Reduction merges semantically equivalent subtrees to reduce memory and file size.

Trade-offs:

| Mode      | Compression | Behavioral fidelity |
| --------- | ----------- | ------------------- |
| Ranked    | Medium      | High                |
| Unordered | High        | Medium              |
| Dominant  | Highest     | Lower (heuristic)   |

### Ranked (recommended)

* preserves full `getAll()` ordering
* safest and most predictable

### Unordered

* ignores ordering differences
* higher compression, but less precise semantics

### Dominant

* focuses on the most frequent result
* useful when only `get()` is relevant
* may lose secondary candidates


## Output format

The compiled file:

* is a binary representation of the trie
* uses **GZip compression**
* is optimized for:

  * fast loading
  * minimal memory footprint

Typical properties:

* small file size
* fast deserialization
* no runtime preprocessing required


## Example workflow

### 1. Prepare dictionary

```
run running runs ran
connect connected connecting
```

### 2. Compile

```bash
java org.egothor.stemmer.Compile \
  --input ./data/stemmer.txt \
  --output ./build/english.radixor.gz \
  --reduction-mode MERGE_SUBTREES_WITH_EQUIVALENT_RANKED_GET_ALL_RESULTS \
  --store-original
```

### 3. Use in application

```java
FrequencyTrie<String> trie =
    StemmerPatchTrieLoader.loadBinary("english.radixor.gz");
```


## Error handling

The CLI reports:

* missing input file
* invalid arguments
* I/O failures
* parsing errors

Typical exit codes:

* `0` – success
* non-zero – failure

Error details are printed to standard error.

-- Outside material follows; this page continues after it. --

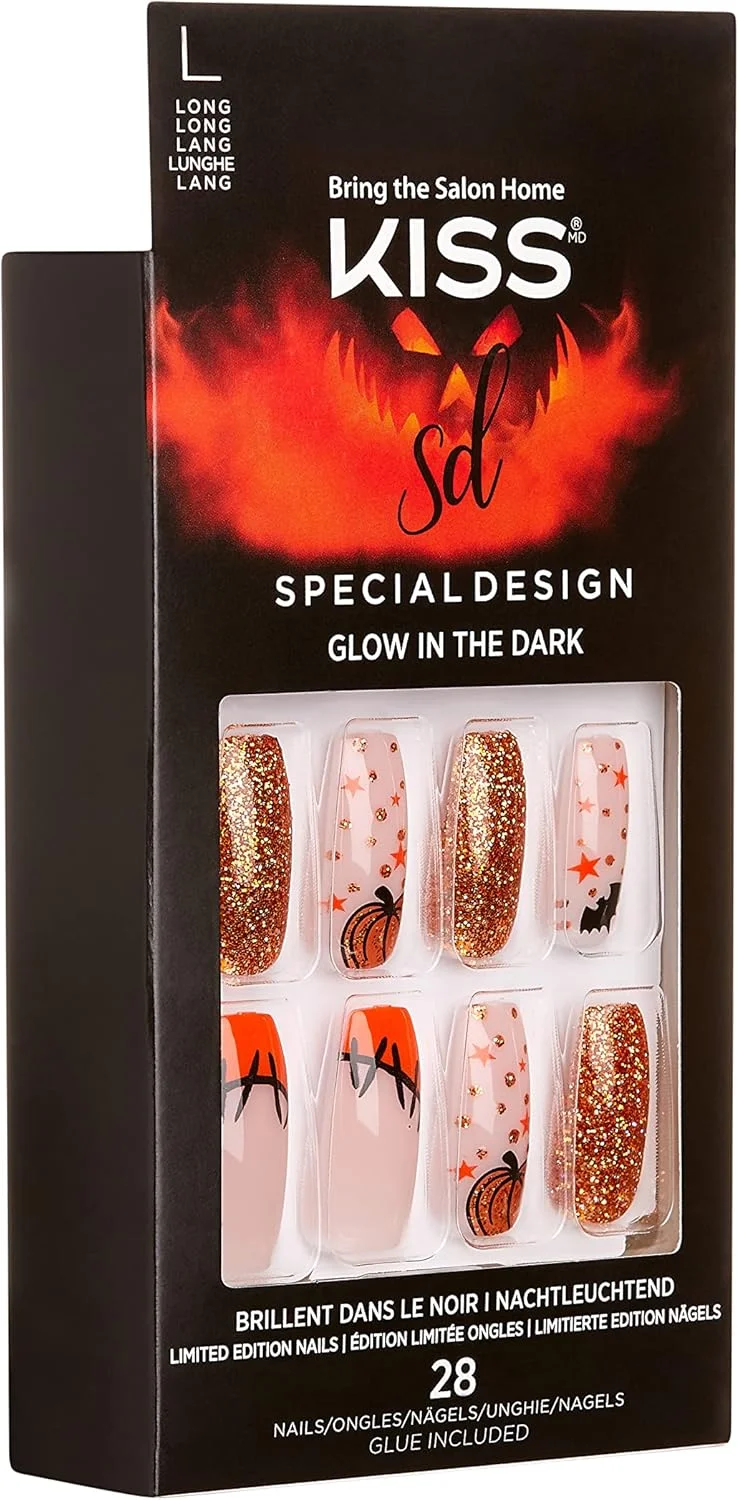 ناخن مصنوعی هالووین با طراحی ویژه، درخشان در تاریکی، مدل 'Wicked'، به همراه چسب ناخن ژلی صورتی، سوهان ناخن کوچک، چوب مانیکور و 28 ناخن مصنوعی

## Performance considerations

### Compilation

* typically CPU-bound
* depends on dictionary size and reduction mode

### Output size

* depends on:

  * dictionary completeness
  * reduction strategy
* can vary significantly between modes

### Runtime impact

* compiled tries are optimized for:

  * fast lookup
  * low allocation
  * predictable latency


## Best practices

### Use offline compilation

* compile dictionaries during build or deployment
* do not compile on application startup

### Version your artifacts

* treat `.radixor.gz` files as versioned assets
* store them alongside application releases

### Choose reduction mode deliberately

* use **ranked** for correctness
* use **dominant** only if you fully understand the trade-offs

### Keep dictionaries clean

* better input → better compiled output
* avoid noise and inconsistencies


## Integration tips

* store compiled files under `resources/` or a dedicated directory
* load them once and reuse the trie instance
* avoid repeated loading in frequently executed code paths (for example, per-request processing)


## Next steps

* [Dictionary format](dictionary-format.md)
* [Programmatic usage](programmatic-usage.md)
* [Quick start](quick-start.md)


## Summary

The `Compile` CLI is the bridge between:

* human-readable dictionary data
* optimized runtime stemmer tables

It enables a clean separation between:

* data preparation
* runtime execution

and is the preferred way to prepare Radixor for production use.